Task goal: Restate word for word the section of the entries that opens at the line containing "Feel Discovery Homes in Douro" and closes at the line containing "Pulsa para ampliar", both lines kept, pictures dropped.

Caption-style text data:
────────────────────

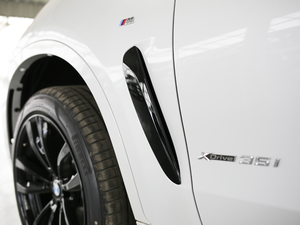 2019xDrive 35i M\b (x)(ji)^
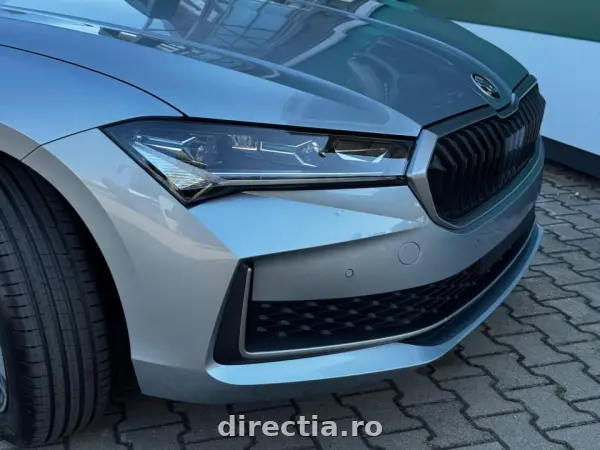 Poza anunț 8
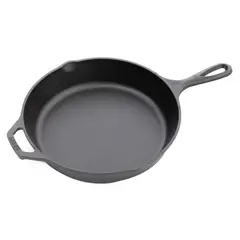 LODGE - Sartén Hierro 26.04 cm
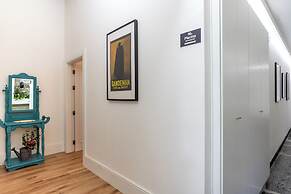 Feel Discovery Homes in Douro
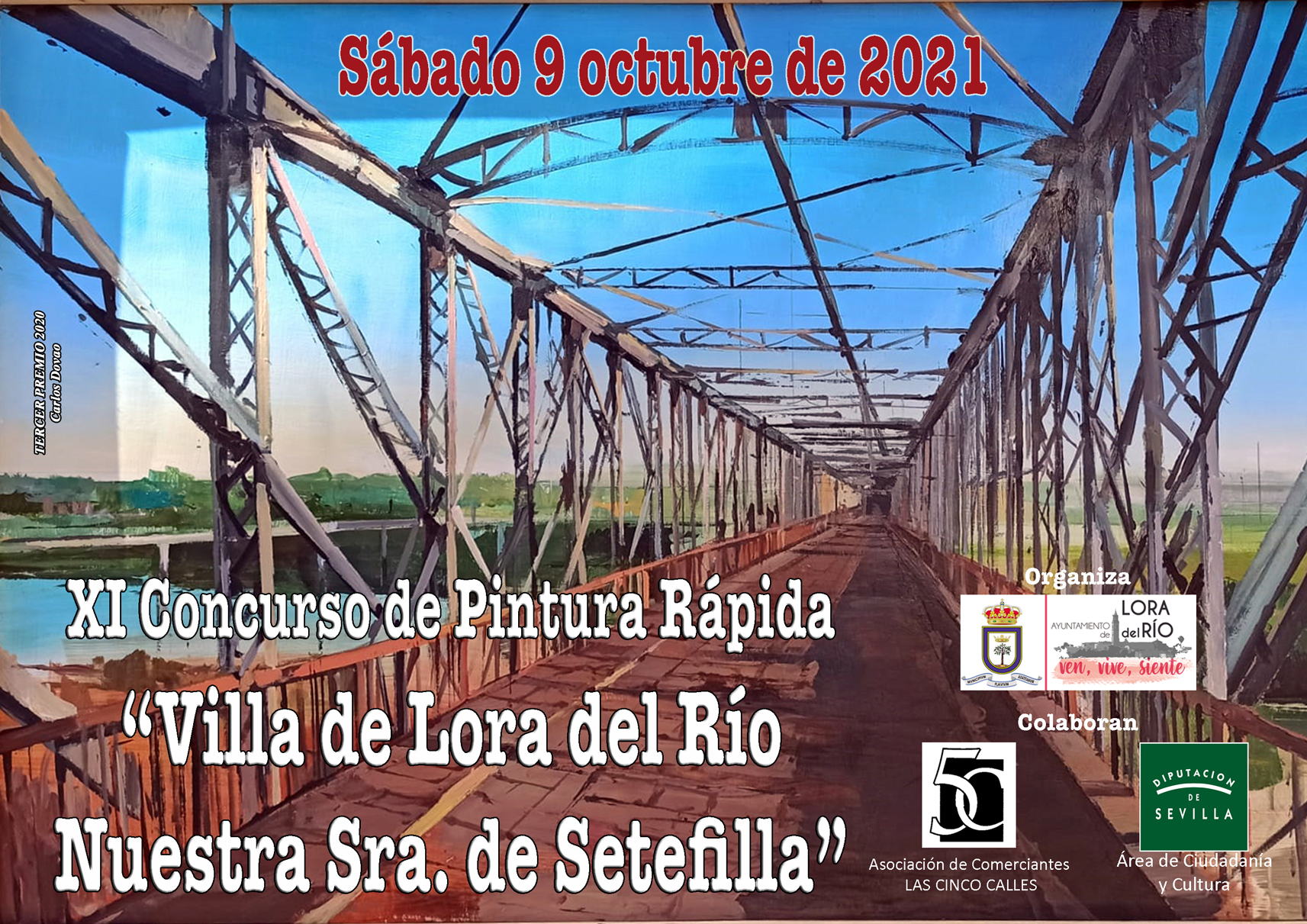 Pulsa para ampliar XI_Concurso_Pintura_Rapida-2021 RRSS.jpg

────────────────────

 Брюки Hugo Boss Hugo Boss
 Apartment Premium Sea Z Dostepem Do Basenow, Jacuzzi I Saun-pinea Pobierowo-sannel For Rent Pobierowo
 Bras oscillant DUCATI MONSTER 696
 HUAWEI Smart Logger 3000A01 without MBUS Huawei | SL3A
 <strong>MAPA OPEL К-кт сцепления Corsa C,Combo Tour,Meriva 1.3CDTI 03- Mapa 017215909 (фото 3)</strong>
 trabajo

────────────────────

Task response:
 Feel Discovery Homes in Douro
 Pulsa para ampliar XI_Concurso_Pintura_Rapida-2021 RRSS.jpg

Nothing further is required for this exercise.